You ever get one of those headaches where the slightest movement of your head makes it seem it's about to explode? I blame pixies - evil little faye folk with nasty little pick axes whittling away on my brain.
Or does that make me sound too much like a superstitious welsh village boy? (there be beasties in them there hills)
OK, let's try again. For the last few days a heavy metal rock band has taken up residence in my head, and brought a refrigeration unit with them (aka fever and chills). At least today I can move my head (slowly) without it threatening to split apart. So that's good, right?
I hope I recover quickly because I'm supposed to run a 10k leg on our Silicon marathon relay team on Sunday. We've won the Governor's cup for the last 2 years and are hoping to make it 3 in a row. It's one thing when you pull out of a solo race (or run it easy), but it's a whole different ball of wax when there are 4 other guys on your team depending on you.

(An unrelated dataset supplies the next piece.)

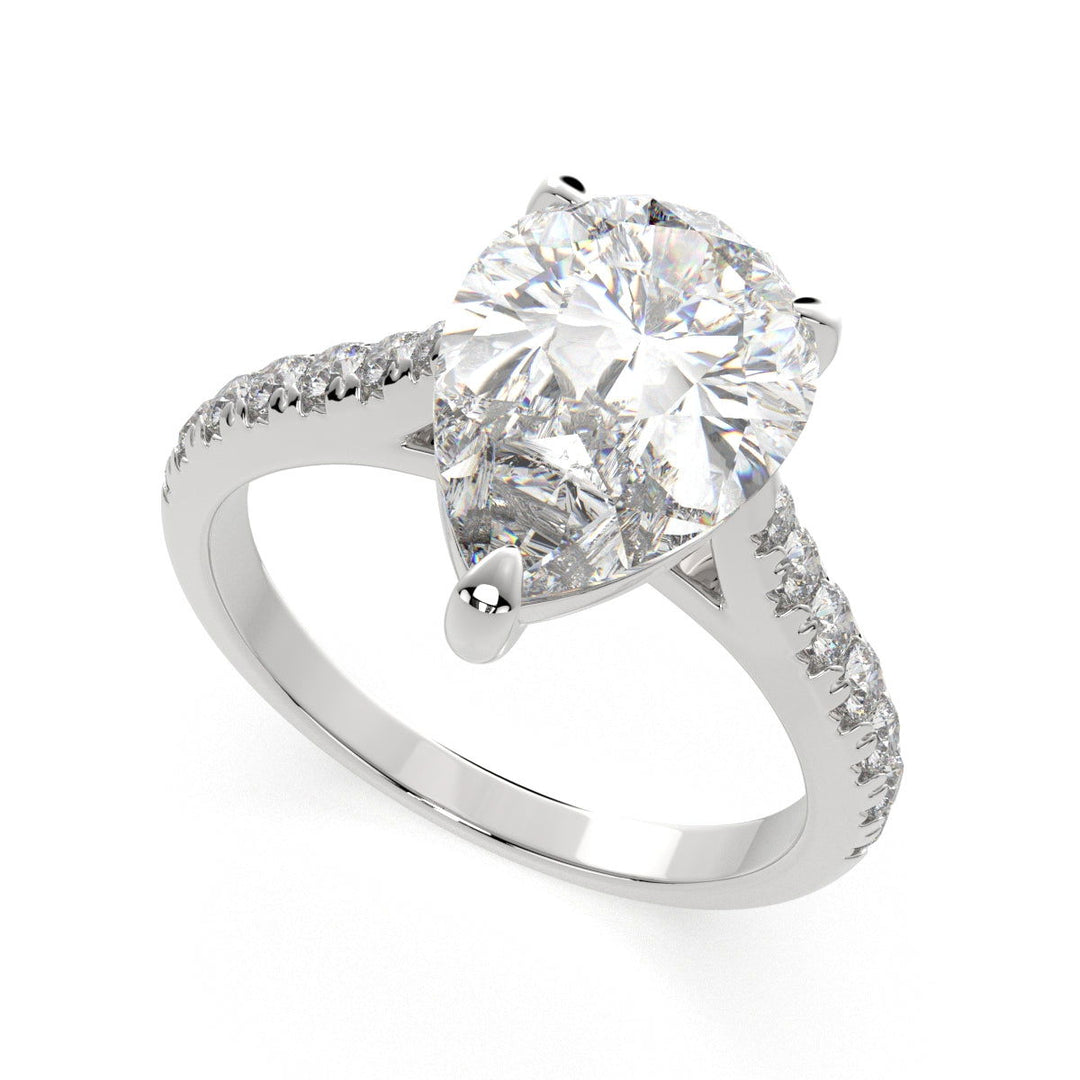 Ginevra Pear Cut Tapered Engagement Ring Setting - Nivetta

So give it a rest pixies!!!
Gavin and I have been continuing our daily mile runs (at least until the pixie onslaught) and I've found myself really looking forward to them. It's the first thing we do after we get home from school, and it's a great way for us to decompress and talk about the day. I find he's much more likely to open up and talk to me while we're running together than he is when we're at home.

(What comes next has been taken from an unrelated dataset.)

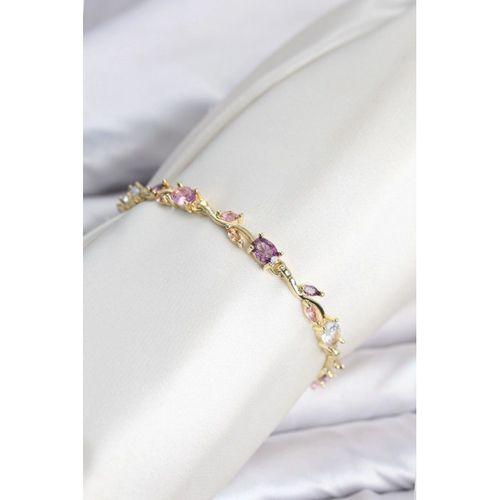 Pirinç Gold Renk Pembe ve Mor Zirkon Taşlı Çiçek Model Kadın Bileklik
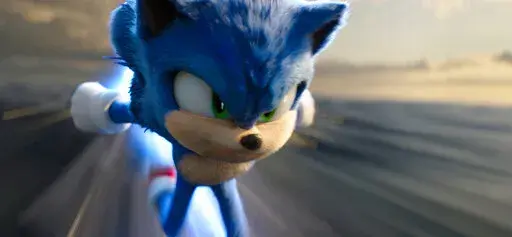 This image released by Paramount Pictures shows Sonic, voiced by Ben Schwartz, in "Sonic the Hedgehog 2." (Paramount Pictures via AP)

So Wednesday evening I went to pick Gavin up from school to find his teacher white and shaking, and Gavin with an ice pack on his head. She told me that he'd come sprinting down the corridor, slipped on the wet floor and crashed head first into the water fountain. She said that in all the years she'd been teaching she'd never seen anybody hit their head that hard and was convinced he'd knocked himself out, or at the very least sustained a concussion.
But no, he got back to his feet and shook himself off. He loosened a few teeth (again), had a fat lip and a bruise on his head, but apart from being a little shaken up seemed fine. I asked him if he wanted to go home and lie down or go to gymnastics class, and he was adamant - gymnastics class.
I kept a close eye on him, but he was fine. I thanked his teacher the next day for looking after him and she kept shaking her head and saying she couldn't believe he bounced straight back up like he did.
"But that's why he's the Gavinator" she said.
I just shrugged my shoulders - it's not the first and it certainly won't be the last. Mother nature seems to have dealt him the same cards as me - clumsy as all get out, but with a hard head to compensate.